De mondelinge behandeling van de klacht heeft plaatsgevonden op 27 januari 2023 in aanwezigheid van de vader, de jeugdprofessional en hun gemachtigden. Namens SKJ waren twee toehoorders aanwezig.

Het College gaat uit van:

  • het klaagschrift, ontvangen op 21 september 2022;
  • het verweerschrift, ontvangen op 13 december 2022;
  • wat is besproken tijdens de mondelinge behandeling van de klacht;
  • de door de vader overgelegde pleitnota.

1     De feiten

1.1 De vader heeft een minderjarige zoon, geboren in 2017. De vader en zijn ex-vrouw, de moeder van de zoon, zijn gescheiden op 31 juli 2020. Het ouderlijk gezag over hun zoon wordt gezamenlijk uitgeoefend door de ouders.

1.2 In juni 2020 is een zorgmelding bij Veilig Thuis gedaan vanwege een vermoeden van kindermishandeling door de moeder. Veilig Thuis adviseerde om een hulpverleningsplan op te stellen. Daarbij raakte de jeugdprofessional in maart 2021 betrokken om een gezinsplan op te stellen ten behoeve van de moeder. De vader werd ondersteund door een collega van de jeugdprofessional.

1.3 Na een klachtgesprek op 1 oktober 2021 tussen de vader, de leidinggevende van de jeugdprofessional en de jeugdprofessional is de hulpverlening van de jeugdprofessional aan de moeder gestopt.

2     Het beoordelingskader

2.1 Het College beantwoordt de vraag of de bij SKJ geregistreerde jeugdprofessional met het (beroepsmatig) handelen is gebleven binnen de grenzen van een redelijk bekwame beroepsuitoefening en toetst dit handelen aan de algemene tuchtnorm.

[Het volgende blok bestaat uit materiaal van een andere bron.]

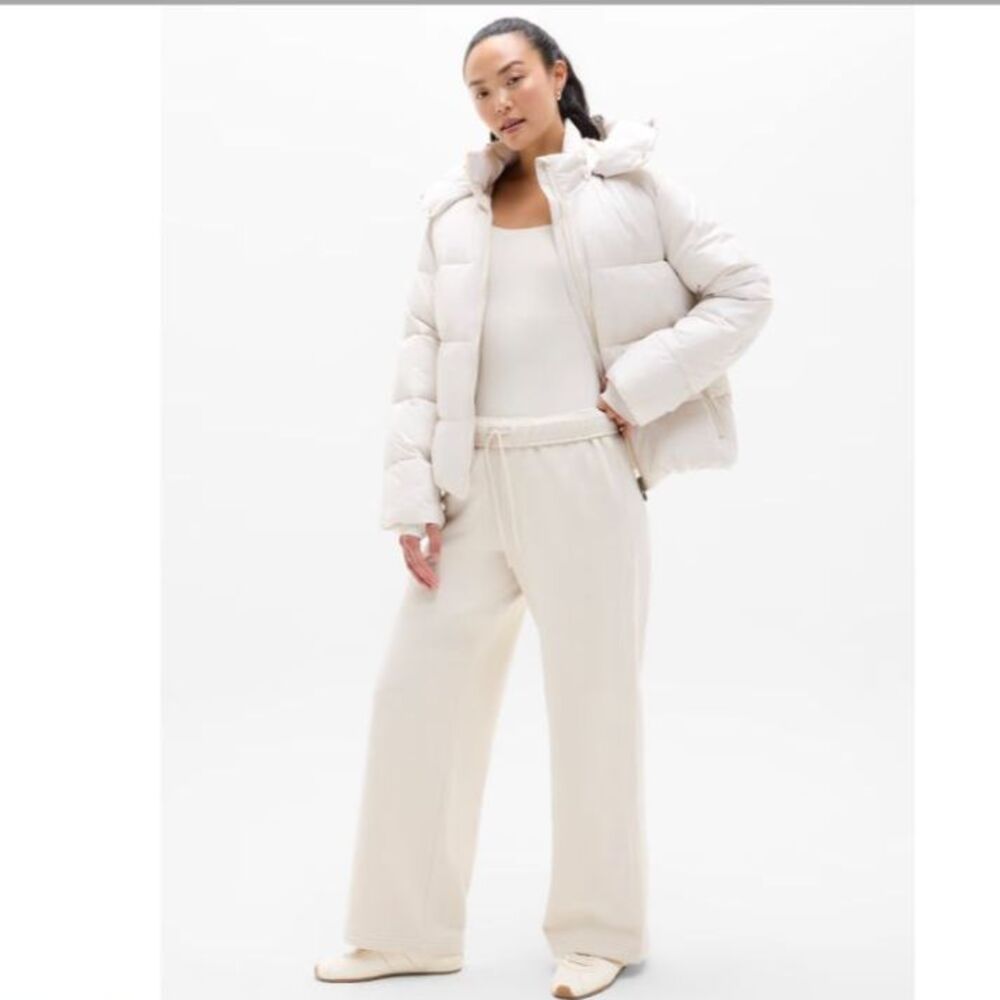 NWT Athleta Forever Fleece Wide Leg - XL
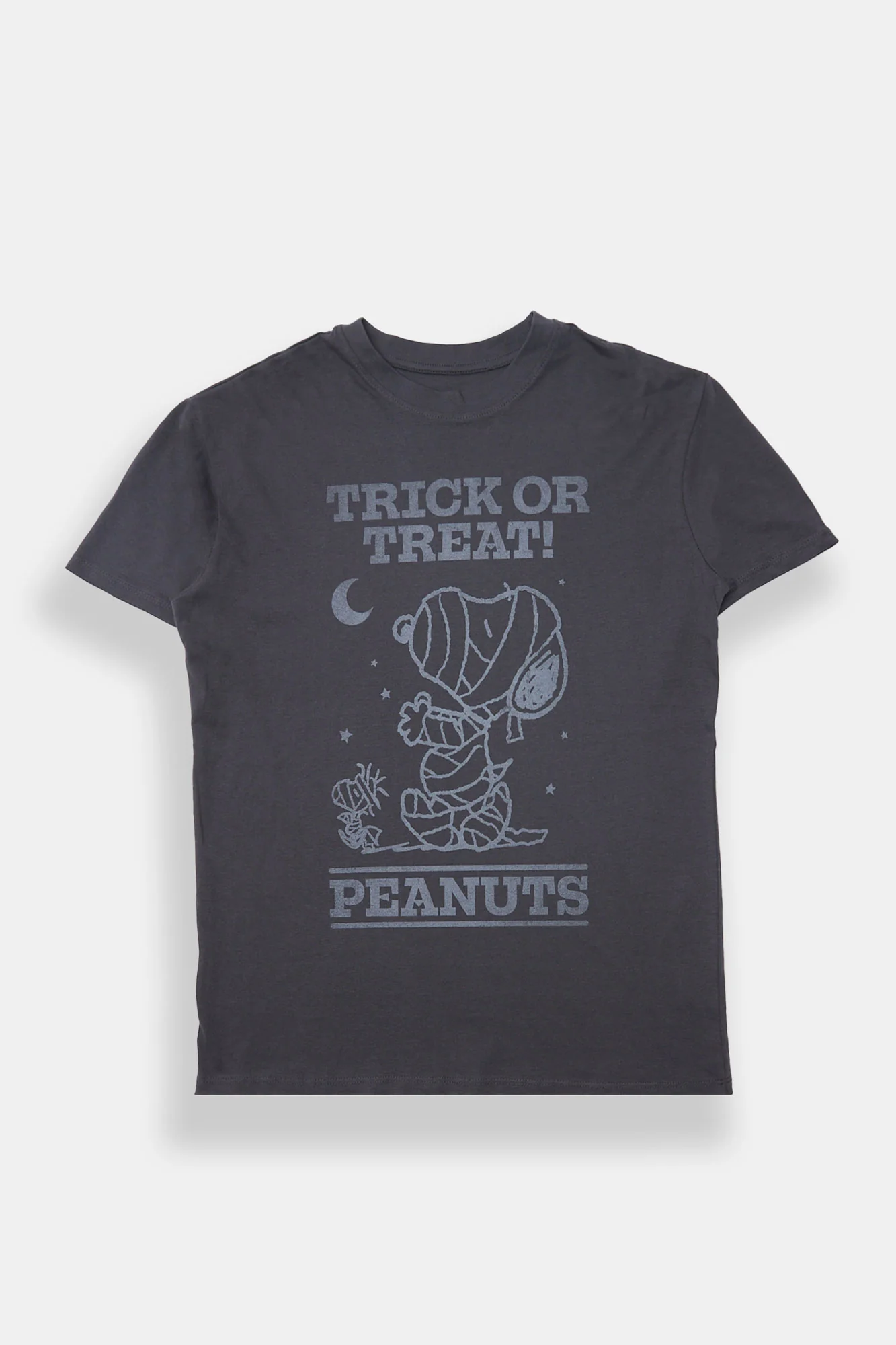 T-shirt coupe boyfriend imprimé Trick Or Treat! Peanuts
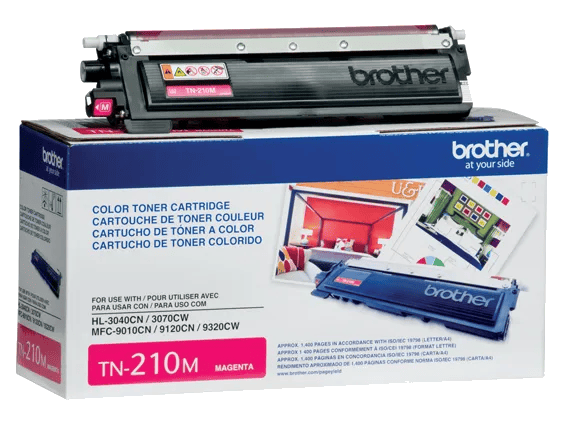 Brother Genuine TN210M Standard-yield Magenta Toner Cartridge, , large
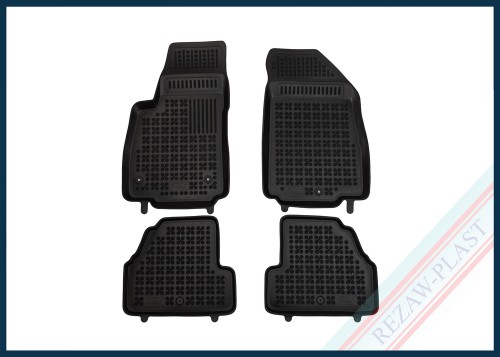Dywaniki samochodowe TPE (gumowe) czarne pasują do: Buick ENCORE I 2015 - 2022, Chevrolet TRAX 2013 - 2020, Opel MOKKA I 2012 - 2017, MOKKA X I 2017 - 2020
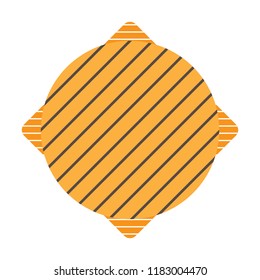 Isolated empty texture sale label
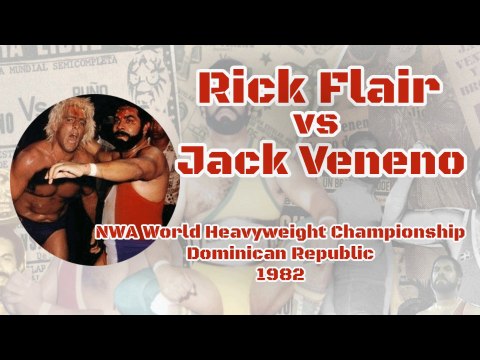 Jack Veneno vs Rick Flair  - NWA World Heavyweight Championship Dom. Rep.  1982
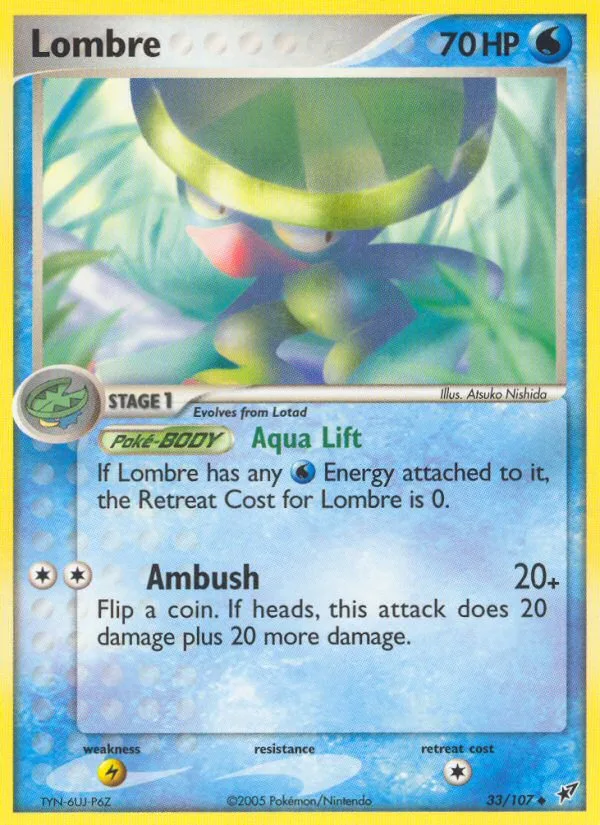Lombre #33 EX Deoxys Pokemon card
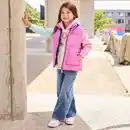 Bild 1 von Kinder-Mädchen-Jeans mit verstellbarer Bundweite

Hierbij wordt rekening gehouden met de professionele standaard (de voor de jeugdprofessional geldende Beroepscode, de richtlijnen en de veldnormen) ten tijde van het handelen waarover wordt geklaagd. Het College merkt op dat op de onderhavige klacht de Beroepscode voor de Jeugd- en Gezinsprofessional, versie 2017, van toepassing is gelet op de aanvang van de klachtperiode en het handelen dat hieruit voortvloeide. Bij de tuchtrechtelijke toetsing gaat het er niet om of het handelen van een jeugdprofessional beter had gekund.

3     Beoordeling van de klacht

De klacht wordt hieronder weergegeven en vervolgens beoordeeld.

3.1 De klacht

3.1.1 De vader verwijt de jeugdprofessional dat zij feiten en conclusies onzorgvuldig rapporteert. De jeugdprofessional heeft hiertegen gemotiveerd verweer gevoerd.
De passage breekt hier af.